According to Section 108 of the Indian Evidence Act 1872, a missing person could be declared dead only “if the person had not been heard of for more than seven years by those who would naturally have heard of him/her if he/she had been alive”.

However, even after 10 years, according to government records, the eight fishermen are still missing as their bodies have not been traced. But in the case of Ockhi victims, the state government last year issued guidelines to declare the fishermen who went missing as dead, enabling the families to claim an ex-gratia assistance of ₹20 lakh from the government.

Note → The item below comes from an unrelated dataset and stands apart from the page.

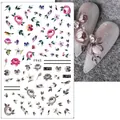 Floral nail art sticker F945 with colorful roses and vintage bird designs - F945 (Pink Grey Flower Bird)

The families of Phyan victims have now been demanding death certificates for their kin and an ex-gratia on a par with the compensation announced for the families of Ockhi victims. They claimed to have petitioned the district administration and the Chief Minister’s Special Cell more than 20 times.

“The recent petition was filed just a week ago with the district collector. He assured us he would send the tehsildhar to check and provide a death certificate, but nothing has moved so far,” says Sciliya.

The government’s reluctance to issue a death certificate also means no closure for these families. “With the government maintaining that they are still missing, Leela, a mother of one of the missing youths, is still waiting for her son to return,” says Sciliya. Leela refuses to believe her son is no more.

Reflecting on the strange predicament, Sahitya Akademi award-winner Joe D’Cruz, who is well-known for extensively documenting the lives of Tamil Nadu fishermen, feels the government is painfully oblivious to people’s grievances.

“Although these fishermen learnt to build their boats for fishing even in the deep sea, they lack infrastructure facilities, including satellite mobile. They have been able to identify the places where they will get a better catch with the help of electronic devices, but their safety in the sea is still a big question.”

The government, he feels, have taken some initiatives to resolve the issues but have ignored taking the fishermen on board. “The sea, shores, ports and the type of fishing are unique everywhere. So, unless the government involves the local men, it is quite impossible to change their lives.”

So, until that happens, D’Cruz adds, the victims of cyclones and their hapless families will continue to be at the mercy of a raging sea and the screaming gales.